O engenheiro agrônomo Adalberto Veríssimo costuma dizer que Deus entregou diretamente ao homem as sementes de mogno. A hipótese procede. O mogno é uma árvore bonita de se ver na mata, destacando-se por seu porte esbelto, sua altura (de 30 a 40 metros) e sua cor. Impressiona tanto ou mais ainda quando se transforma num móvel ou num painel: é leve e ao mesmo tempo resistente, sólida e maleável, pode durar séculos, indiferentemente aos insetos e aos maus tratos do homem, e cativar por sua cor natural, melhor do que qualquer outra que o computador imaginar como sucedâneo ou alternativa.

Os presidentes dos Estados Unidos têm utilizado, há várias décadas, móveis de mogno na Casa Branca, em Washington. A marinha inglesa, uma das mais eficientes de todos os tempos, também se beneficiou das qualidades físicas e químicas da madeira. Qualquer autor de thriller sabe que, se descrever como sendo de mogno aquela escrivaninha sobre a qual o personagem se debruça, dar-lhe-á uma aparência de nobreza e solidez.

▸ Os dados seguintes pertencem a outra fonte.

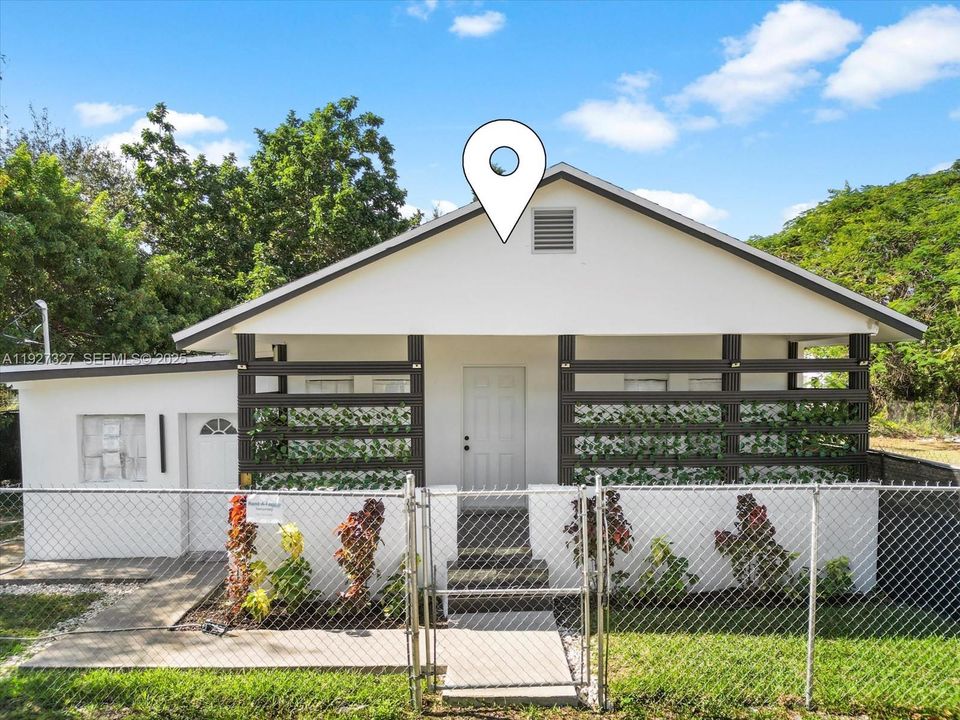 待售: $469,000 (4 贝兹, 3 浴室, 997 平方英尺)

Em algumas décadas mais, entretanto, o mogno poderá se confinar ao terreno da ficção, aos museus e a poucos redutos de confinamento. É provável que Beto Veríssimo, um jovem agrônomo nordestino que se apaixonou pela floresta amazônica e não saiu mais de Belém, antes mesmo de se aposentar já terá dificuldades para localizar árvores de mogno nas suas constantes excursões pela mata nativa do Pará, o segundo Estado brasileiro em área desmatada e em índice de derrubadas da Amazônia, mesmo sendo o segundo mais extenso (perde apenas para o Amazonas), do tamanho da Colômbia, com seus 1,2 milhão de quilômetros quadrados.

Ouro verde
O mogno, a mais bela e mais valiosa madeira da Amazônia, região que concentra 56% das florestas tropicais do planeta, está acabando. Já acabou no sul do Pará, onde sua presença era de 5 a 10 vezes maior do que nas áreas onde a madeira está sendo agora caçada, cortada e vendida como se fosse ouro (na verdade, o ouro verde vale atualmente mais do que o ouro amarelo).

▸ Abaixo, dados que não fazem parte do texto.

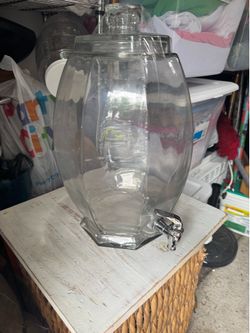Glass Dispenser 3 gallon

Beto fica feliz quando, nas suas excursões ao Acre, encontra uma árvore de mogno por hectare. Na área de influência de Rio Maria, no sul do Pará, a densidade podia chegar a 11 árvores por hectare. Hoje, mogno é conversa para boi pastar ou para choro nessa região. No princípio da sua ocupação, muito mogno deve ter sido destruído nas queimadas. O que os pioneiros queriam mesmo era formar pastagens para seu gado, incumbido de, ao menor custo (monetariamente falando), “amansar a terra”, na tal filosofia ditada pela pata bovina (em sentido literal e figurado).

Depois, quando a madeira foi usada como reforço de capital para a execução do empreendimento ainda prioritário, o “projeto agropecuário” subsidiado pelo governo federal, muito mogno foi extraído, mas à custa da destruição de muitas outras árvores de menor valor. Por um ou outro caminho, dos anos 60 aos 80, o vale do Araguaia-Tocantins, na busca de um “modelo de ocupação” da nova fronteira do país, destruiu uma fabulosa mina de madeira. Ainda há alguma iniciativa de plantio da árvore, mas quem a conhece intimamente descrê dos resultados. Como na longa farra da Sudam, extinta em 2002 sob um mar lodoso de corrupção, é mais uma placa para agradar inglês.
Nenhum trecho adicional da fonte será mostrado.